Of relevance to energy storage, electrochemistry and catalysis, ionic and dipolar liquids display unexpected behaviours—especially in confinement. Beyond adsorption, over-screening and crowding effects, experiments have highlighted novel phenomena, such as unconventional screening and the impact of the electronic nature—metallic versus insulating—of the confining surface. Such behaviours, which challenge existing frameworks, highlight the need for tools to fully embrace the properties of confined liquids. Here we introduce a novel approach that involves electronic screening while capturing molecular aspects of interfacial fluids. Although available strategies consider perfect metal or insulator surfaces, we build on the Thomas–Fermi formalism to develop an effective approach that deals with any imperfect metal between these asymptotes. Our approach describes electrostatic interactions within the metal through a ‘virtual’ Thomas–Fermi fluid of charged particles, whose Debye length sets the screening length λ. We show that this method captures the electrostatic interaction decay and electrochemical behaviour on varying λ. By applying this strategy to an ionic liquid, we unveil a wetting transition on switching from insulating to metallic conditions.
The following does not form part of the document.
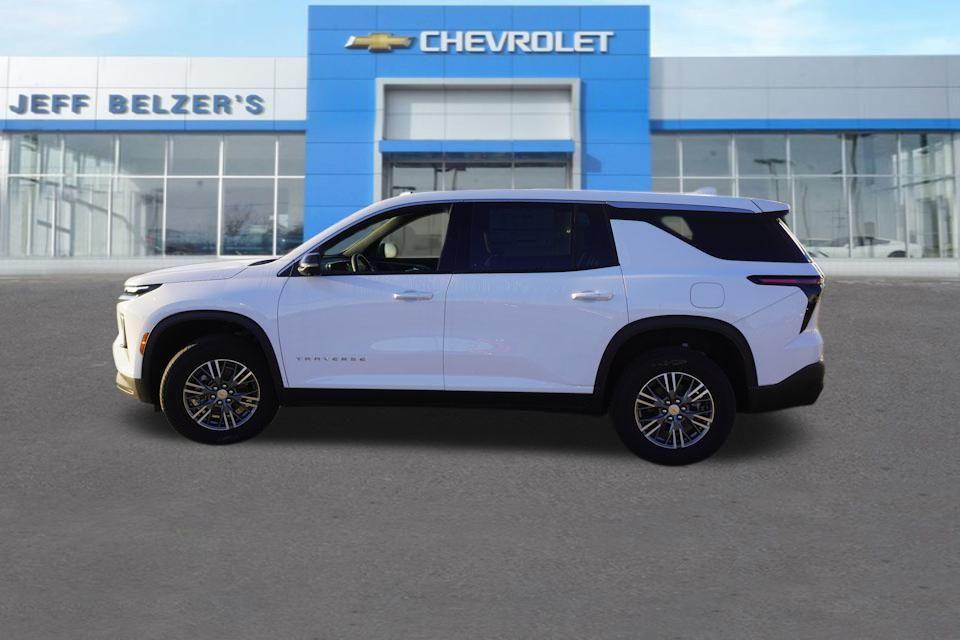 new 2024 Chevrolet Traverse car, priced at $35,895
与能量储存、电化学和催化相关，离子和偶极液体表现出意想不到的行为——尤其是在限制条件下。除了吸附、过度筛选和拥挤效应之外，实验还突出了一些新现象，例如非常规筛选和限制表面的电子性质（金属与绝缘）的影响。这种挑战现有框架的行为强调了对工具的需求，以完全接受受限液体的特性。在这里，我们介绍了一种新方法，该方法涉及电子筛选，同时捕获界面流体的分子方面。尽管可用的策略考虑了完美的金属或绝缘体表面，但我们在 Thomas-Fermi 形式主义的基础上开发了一种有效的方法来处理这些渐近线之间的任何不完美金属。λ。我们表明，该方法捕获了不同λ上的静电相互作用衰减和电化学行为。通过将这种策略应用于离子液体，我们揭示了从绝缘条件切换到金属条件时的润湿转变。